This is one of those books that is hard to talk about. Maybe best to describe by analogy.
So imagine a tangled ball of wool with which you are following a strand as it winds its way in around the other strands, in and out of the tangle until eventually you find the other end of the thread, somewhere not too far from where you started.
The narrative flows a bit like that. It nips back and forwards in time, hops from one character to another, spanning several generations of a sprawling family as we gradually find out about their tale
, the purpose to which the seemingly random and insignificant events, both happy and tragic, turn out to be all part of some grand plan for the future.
An ambitious and often confusing work that requires the reader to take the hints and fill in the gaps in order to make more sense of the story.

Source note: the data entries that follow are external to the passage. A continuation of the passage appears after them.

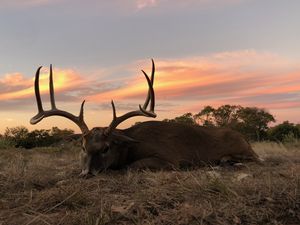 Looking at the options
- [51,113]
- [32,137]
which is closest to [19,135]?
[32,137]

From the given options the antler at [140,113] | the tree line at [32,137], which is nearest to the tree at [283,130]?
the tree line at [32,137]

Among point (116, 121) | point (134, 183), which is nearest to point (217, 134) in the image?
point (116, 121)

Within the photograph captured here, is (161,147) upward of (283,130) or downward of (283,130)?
upward

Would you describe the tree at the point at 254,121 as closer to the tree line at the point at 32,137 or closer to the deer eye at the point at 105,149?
the tree line at the point at 32,137

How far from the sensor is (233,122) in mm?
24703

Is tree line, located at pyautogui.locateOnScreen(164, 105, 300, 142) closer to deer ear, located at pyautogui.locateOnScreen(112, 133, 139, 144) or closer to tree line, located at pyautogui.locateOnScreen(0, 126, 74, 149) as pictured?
tree line, located at pyautogui.locateOnScreen(0, 126, 74, 149)

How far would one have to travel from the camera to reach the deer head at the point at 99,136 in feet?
21.9

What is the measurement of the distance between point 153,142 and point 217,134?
147 centimetres

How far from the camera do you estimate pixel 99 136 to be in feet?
22.6

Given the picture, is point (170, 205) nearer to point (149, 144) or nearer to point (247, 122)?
point (149, 144)

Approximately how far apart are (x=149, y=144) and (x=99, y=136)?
3.05 ft

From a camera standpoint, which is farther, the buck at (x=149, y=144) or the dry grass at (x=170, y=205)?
the buck at (x=149, y=144)

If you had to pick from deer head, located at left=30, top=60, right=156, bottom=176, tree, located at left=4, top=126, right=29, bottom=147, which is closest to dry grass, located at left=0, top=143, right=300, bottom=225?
deer head, located at left=30, top=60, right=156, bottom=176

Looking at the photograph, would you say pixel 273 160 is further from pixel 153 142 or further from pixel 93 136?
pixel 93 136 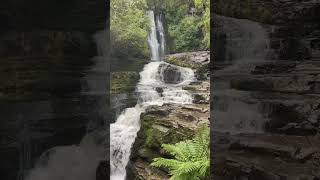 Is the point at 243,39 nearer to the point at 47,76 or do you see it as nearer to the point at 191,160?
the point at 47,76

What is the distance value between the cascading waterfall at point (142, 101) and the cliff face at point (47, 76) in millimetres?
5760

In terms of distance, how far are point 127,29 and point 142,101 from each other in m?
3.79

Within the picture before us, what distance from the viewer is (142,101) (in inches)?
399

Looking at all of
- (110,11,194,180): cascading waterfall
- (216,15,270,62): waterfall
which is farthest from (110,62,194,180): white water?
(216,15,270,62): waterfall

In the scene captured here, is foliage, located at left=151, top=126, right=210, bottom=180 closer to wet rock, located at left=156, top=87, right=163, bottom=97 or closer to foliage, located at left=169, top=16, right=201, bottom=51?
wet rock, located at left=156, top=87, right=163, bottom=97

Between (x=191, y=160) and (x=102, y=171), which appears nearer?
(x=102, y=171)

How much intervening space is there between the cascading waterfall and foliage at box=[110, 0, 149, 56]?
→ 103 cm

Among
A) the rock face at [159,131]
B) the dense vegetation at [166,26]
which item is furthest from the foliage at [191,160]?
the dense vegetation at [166,26]

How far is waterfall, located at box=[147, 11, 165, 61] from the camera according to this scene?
1455cm

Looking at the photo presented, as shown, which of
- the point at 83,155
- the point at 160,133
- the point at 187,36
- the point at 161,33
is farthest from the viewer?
the point at 161,33

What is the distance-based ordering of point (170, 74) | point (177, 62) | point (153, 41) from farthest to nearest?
point (153, 41), point (177, 62), point (170, 74)

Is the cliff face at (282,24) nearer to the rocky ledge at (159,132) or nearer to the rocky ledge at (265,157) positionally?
the rocky ledge at (265,157)

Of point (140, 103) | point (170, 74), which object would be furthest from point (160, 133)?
point (170, 74)

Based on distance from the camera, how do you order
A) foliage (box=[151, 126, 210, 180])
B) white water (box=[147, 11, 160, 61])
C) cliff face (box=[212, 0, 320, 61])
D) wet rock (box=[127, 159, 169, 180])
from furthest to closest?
white water (box=[147, 11, 160, 61]) < wet rock (box=[127, 159, 169, 180]) < foliage (box=[151, 126, 210, 180]) < cliff face (box=[212, 0, 320, 61]) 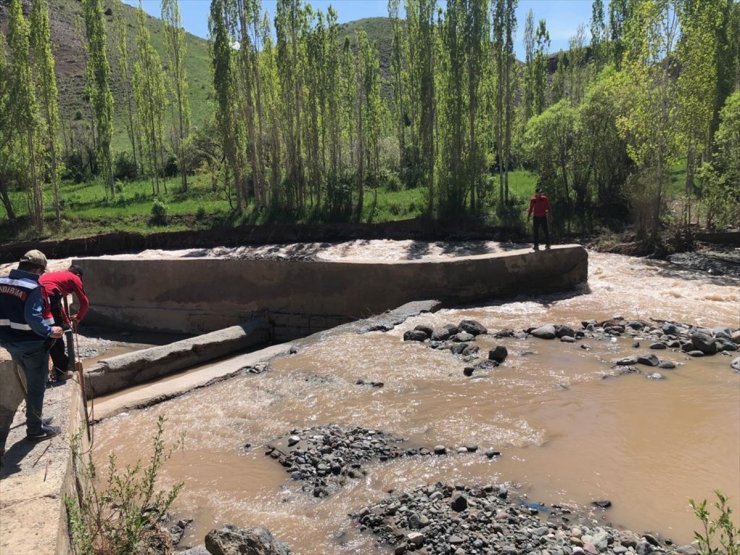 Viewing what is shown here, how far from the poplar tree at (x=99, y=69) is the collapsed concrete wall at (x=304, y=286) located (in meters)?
18.1

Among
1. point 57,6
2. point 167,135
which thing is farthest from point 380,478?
point 57,6

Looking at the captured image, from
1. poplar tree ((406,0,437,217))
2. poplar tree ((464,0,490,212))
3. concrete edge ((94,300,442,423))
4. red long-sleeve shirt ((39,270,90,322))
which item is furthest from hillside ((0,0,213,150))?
red long-sleeve shirt ((39,270,90,322))

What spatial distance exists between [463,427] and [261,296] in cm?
796

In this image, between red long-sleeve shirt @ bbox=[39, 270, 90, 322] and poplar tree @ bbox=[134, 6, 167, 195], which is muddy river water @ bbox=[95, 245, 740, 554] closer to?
red long-sleeve shirt @ bbox=[39, 270, 90, 322]

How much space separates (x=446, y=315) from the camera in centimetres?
1214

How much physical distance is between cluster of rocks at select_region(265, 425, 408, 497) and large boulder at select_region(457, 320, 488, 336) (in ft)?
13.9

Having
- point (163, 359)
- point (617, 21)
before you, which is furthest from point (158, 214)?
point (617, 21)

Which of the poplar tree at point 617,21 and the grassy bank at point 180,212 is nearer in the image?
the grassy bank at point 180,212

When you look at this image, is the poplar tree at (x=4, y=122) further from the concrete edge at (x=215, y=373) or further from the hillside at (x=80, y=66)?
the hillside at (x=80, y=66)

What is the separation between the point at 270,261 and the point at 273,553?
9.91 m

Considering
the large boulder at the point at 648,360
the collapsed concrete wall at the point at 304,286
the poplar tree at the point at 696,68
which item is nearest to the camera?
the large boulder at the point at 648,360

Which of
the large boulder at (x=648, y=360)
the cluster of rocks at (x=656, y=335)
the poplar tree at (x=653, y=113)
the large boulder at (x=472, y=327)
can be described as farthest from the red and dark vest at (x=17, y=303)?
the poplar tree at (x=653, y=113)

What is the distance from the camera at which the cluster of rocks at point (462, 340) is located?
361 inches

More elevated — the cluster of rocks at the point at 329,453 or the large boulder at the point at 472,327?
the large boulder at the point at 472,327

The lazy, meandering narrative requires a strong prose style to carry it off, to engage the reader whilst the tension slackens and, for the most part, Crowley is up to the job. But only just; he's not quite one of the prose greats in who's writing you can lose yourself no matter what the subject matter.

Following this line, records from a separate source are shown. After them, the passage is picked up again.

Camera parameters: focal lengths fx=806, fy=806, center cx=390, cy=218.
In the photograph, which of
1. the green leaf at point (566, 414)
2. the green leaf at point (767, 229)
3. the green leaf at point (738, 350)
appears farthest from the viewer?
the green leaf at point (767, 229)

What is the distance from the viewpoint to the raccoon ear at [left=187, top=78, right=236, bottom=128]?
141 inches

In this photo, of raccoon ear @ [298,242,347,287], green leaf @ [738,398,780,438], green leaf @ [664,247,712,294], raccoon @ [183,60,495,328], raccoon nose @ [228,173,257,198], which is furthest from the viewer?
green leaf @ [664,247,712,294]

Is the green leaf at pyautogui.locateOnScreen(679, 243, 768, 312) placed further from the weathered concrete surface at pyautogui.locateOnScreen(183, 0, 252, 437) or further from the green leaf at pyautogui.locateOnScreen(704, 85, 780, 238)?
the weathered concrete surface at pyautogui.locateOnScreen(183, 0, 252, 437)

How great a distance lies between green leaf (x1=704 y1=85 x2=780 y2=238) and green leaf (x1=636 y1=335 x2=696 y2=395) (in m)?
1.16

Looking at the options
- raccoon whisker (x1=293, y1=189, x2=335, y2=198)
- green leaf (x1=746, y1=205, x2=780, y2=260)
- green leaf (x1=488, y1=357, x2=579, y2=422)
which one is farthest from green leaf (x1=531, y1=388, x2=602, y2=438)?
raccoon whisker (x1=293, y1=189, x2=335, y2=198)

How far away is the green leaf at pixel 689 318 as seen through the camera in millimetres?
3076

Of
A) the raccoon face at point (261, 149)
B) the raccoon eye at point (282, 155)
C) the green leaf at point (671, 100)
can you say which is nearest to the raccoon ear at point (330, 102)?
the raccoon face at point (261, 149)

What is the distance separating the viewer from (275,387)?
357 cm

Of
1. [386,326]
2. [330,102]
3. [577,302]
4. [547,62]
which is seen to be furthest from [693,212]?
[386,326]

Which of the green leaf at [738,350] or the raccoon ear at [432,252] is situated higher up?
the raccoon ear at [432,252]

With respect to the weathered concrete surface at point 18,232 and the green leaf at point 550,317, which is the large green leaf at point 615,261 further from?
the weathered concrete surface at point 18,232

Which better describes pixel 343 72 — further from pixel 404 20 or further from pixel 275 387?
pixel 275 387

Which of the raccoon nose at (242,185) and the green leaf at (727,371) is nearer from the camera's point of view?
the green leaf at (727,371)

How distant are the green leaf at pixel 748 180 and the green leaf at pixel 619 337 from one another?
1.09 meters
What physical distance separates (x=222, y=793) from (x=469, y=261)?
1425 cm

At times I found it slightly hard work, could only read short sections in one sitting, which is why it took me so long to finish. But my respect for the novel grew as it became apparent what the author was trying to do and how cleverly the themes recurred throughout the story as well as in the narrative structure itself. If you read this, in the right frame of mind, with patience and are willing to submerge yourself in Crowley's world, you will likely enjoy this book very much.